The biggest Tyrannosaurus rex ever discovered will stand tall for the first time in Regina next month.
Scotty is coming to the Royal Saskatchewan Museum (RSM) following decades of fossil excavation, preparation and study by paleontologists.
This T. rex roamed Saskatchewan approximately 66 million years ago in the Cretaceous period, weighing an estimated 19,400 pounds (8,800kg) and stretching as long as a school bus. Scotty was discovered in the Frenchman River Valley near Eastend in 1991 between the release of the Jurassic Park novel (1990) and the Steven Spielberg movie (1993).
Ryan McKellar is the curator of invertebrate paleontology at the museum. While he said the size of the movie dinosaur seems to fluctuate from film to film, McKellar believes Scotty is fairly comparable to the Jurassic Park T. rex.
“We’re talking about a full-grown adult and it’s huge,” said McKellar.
Scotty was first put on display at the T. rex Discovery Centre in Eastend in 2015. While that exhibit focuses on the dinosaur’s discovery and what it means to paleontology in the area, the Regina exhibit will focus on Scotty’s habitat, how it lived and its hidden features.
Since the Jurassic Park movie, scientists have learned much more about feathers on dinosaur, which are the ancient ancestors to today’s birds.
“We understand that feathering goes much, much deeper into the evolutionary tree of dinosaurs and even tyrannosaurs would have had some feathering,” said McKellar.
The 30 years that Scotty lived were a rough three decades, maybe just as violent as in the movies.

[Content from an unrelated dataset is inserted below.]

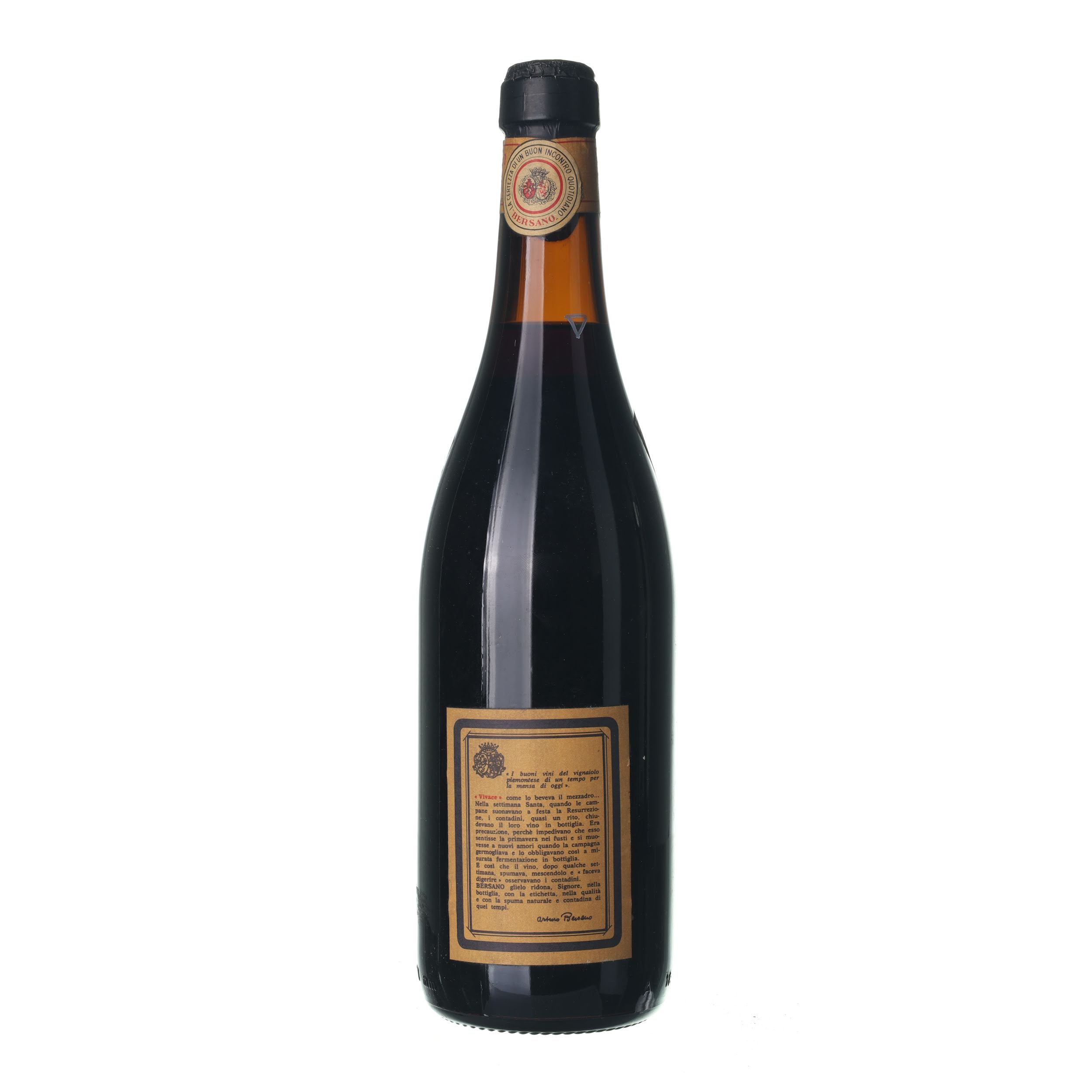 1986 Dolcetto d´Asti Bersano (0,75l) - Obrázek 2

Similar to how some of today’s animals compete within species for mates or property, T. rexes used to fight each other too.
Visitors will be able to get a closeup look at, and in some cases touch, some of the injuries that tell the story of Scotty’s life.
“These include things like big, open wounds on the face that have pierced all the way through to sinus cavities in the skull, holes in the jaw that are probably related to other tyrannosaurs biting the face, (and) a big wound in the tail that may have been a long-term deformity within the tail vertebrae that may have affected how it moved,” said McKellar.
Years of fossil preparation
In many cases, decades of careful, meticulous work are involved from the point of discovery until a dinosaur skeleton of this magnitude is revealed as a mounted specimen.
It took two major excavations to pull Scotty’s skeleton from the ground, the first in 1994-95 followed by a second excavation from 2000-03 when even more bones were found.
Wes Long started as a volunteer and was hired by the RSM in 2001. He spent a decade preparing Scotty’s bones.
The backbreaking work starts at the dig site with a track hoe removing boulders and sometimes entire hillsides, followed by jackhammers to plow through an iron stone layer. The tools get smaller and smaller as searchers get closer to the bone layer, using shovels, air guns, chisels and brushes. Once the bone is uncovered, it’s surrounded in a plaster jacket in order to safely move the fossil to the lab.
More hand tools are used in the lab to carefully free the bones from the rock that Scotty was entombed in for millions of years.
“A lot of Scotty’s bones were in fairly poor condition so you’re constantly stabilizing with glue,” said Long.
The mentally exhausting process is time-consuming and requires a lot of focus. Long said it took him four months just to prepare the maxilla bone known as the upper jaw.
“This is going to sound weird. You have to be able to see into the rock,” said Long. “It’s like, ‘OK, if I keep following it this way, (the bone) should be there.’ ”
Long has a background in art, which he said comes in handy while laying the bones out on the table, putting them all together like a puzzle with missing pieces.
Scotty is 65-per-cent complete, which is good for a T. rex, but it’s missing its front limbs (arms), tips of its hind limbs (feet) and some elements of the vertebrae.
The original bones are much too fragile, brittle and incredibly heavy to put on display as a standing skeleton. Instead, a replica of Scotty is made with fibreglass casts, then mounted on a steel frame. Some of the smaller-scale molding and casting is done in house while the bigger pieces are made by a company in Hamilton.
An artistic mind is helpful in reconstructing missing parts, comparing them to other bones in the collection to match, scaling them to size, painting to look like a real bone, 3D scanning and printing plus digital drawings of what Scotty might have looked like.
“I don’t think a lot of people realize … there is a lot of hard work that’s put in by a lot of people,” said Long.